Scientific publications

Second primary malignancies in multiple myeloma: an overview and IMWG consensus

Feb 1, 2017 | Magazine: Annals of Oncology

P Musto  1 , K C Anderson  2 , M Attal  3 , P G Richardson  2 , A Badros  4 , J Hou  5 , R Comenzo  6 , J Du  5 , B G M Durie  7 , J San Miguel  8 , H Einsele  9 , W M Chen  10 , L Garderet  11 , G Pietrantuono  12 , J Hillengass  13 , R A Kyle  14 , P Moreau  15 , J J Lahuerta  16 , O Landgren  17 , H Ludwig  18 , A Larocca  19 , A Mahindra  20 , M Cavo  21 , A Mazumder  22 , P L McCarthy  23 , A Nouel  24 , S V Rajkumar  14 , A Reiman  25 , E Riva  26 , O Sezer  27 , E Terpos  28 , I Turesson  29 , S Usmani  30 , B M Weiss  31 , A Palumbo  19 , International Myeloma Working Group

Background: Therapeutic advancements following the introduction of autologous stem cell transplantation and 'novel' agents have significantly improved clinical outcomes for patients with multiple myeloma (MM). Increased life expectancy, however, has led to renewed concerns about the long-term risk of second primary malignancies (SPMs).
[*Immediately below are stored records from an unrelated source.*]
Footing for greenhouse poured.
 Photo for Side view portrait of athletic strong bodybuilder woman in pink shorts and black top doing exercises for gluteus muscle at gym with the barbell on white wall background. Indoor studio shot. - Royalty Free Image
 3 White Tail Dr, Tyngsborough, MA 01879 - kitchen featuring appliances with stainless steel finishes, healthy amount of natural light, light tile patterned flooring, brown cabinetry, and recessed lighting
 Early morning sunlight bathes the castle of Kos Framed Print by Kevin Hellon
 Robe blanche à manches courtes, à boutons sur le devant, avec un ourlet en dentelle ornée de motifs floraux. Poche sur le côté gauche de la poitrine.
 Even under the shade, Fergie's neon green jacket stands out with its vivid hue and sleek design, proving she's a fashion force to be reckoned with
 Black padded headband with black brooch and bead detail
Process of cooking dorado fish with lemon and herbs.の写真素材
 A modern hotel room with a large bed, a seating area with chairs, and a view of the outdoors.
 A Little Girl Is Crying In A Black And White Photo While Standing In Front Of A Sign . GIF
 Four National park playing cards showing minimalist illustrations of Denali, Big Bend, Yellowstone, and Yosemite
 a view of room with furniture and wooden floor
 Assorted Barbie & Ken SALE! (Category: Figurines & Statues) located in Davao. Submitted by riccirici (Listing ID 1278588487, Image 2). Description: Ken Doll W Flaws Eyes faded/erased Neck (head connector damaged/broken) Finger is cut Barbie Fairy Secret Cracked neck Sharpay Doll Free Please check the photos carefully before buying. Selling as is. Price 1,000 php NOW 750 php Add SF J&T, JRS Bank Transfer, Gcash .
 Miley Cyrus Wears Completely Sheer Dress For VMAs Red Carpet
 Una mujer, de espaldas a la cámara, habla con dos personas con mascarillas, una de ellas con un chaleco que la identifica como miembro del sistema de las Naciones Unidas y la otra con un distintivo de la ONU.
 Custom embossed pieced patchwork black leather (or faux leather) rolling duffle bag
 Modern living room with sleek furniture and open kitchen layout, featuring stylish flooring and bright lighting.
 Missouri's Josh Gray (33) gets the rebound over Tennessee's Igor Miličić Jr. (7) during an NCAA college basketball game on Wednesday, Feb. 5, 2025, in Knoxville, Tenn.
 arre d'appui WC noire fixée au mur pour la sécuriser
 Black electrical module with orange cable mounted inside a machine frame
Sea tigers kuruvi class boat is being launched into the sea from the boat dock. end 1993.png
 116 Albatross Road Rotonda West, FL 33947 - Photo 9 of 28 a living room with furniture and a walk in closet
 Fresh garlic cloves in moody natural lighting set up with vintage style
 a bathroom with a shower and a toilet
This review outlines the most up-to-date knowledge of possible host-, disease-, and treatment-related risk factors for the development of SPMs in patients with MM, and provides practical recommendations to assist physicians.

Design: A Panel of International Myeloma Working Group members reviewed the most relevant data published in the literature as full papers, or presented at meetings of the American Society of Clinical Oncology, American Society of Hematology, European Hematology Association, or International Myeloma Workshops, up to June 2016. Here, we present the recommendations of the Panel, based on this literature review.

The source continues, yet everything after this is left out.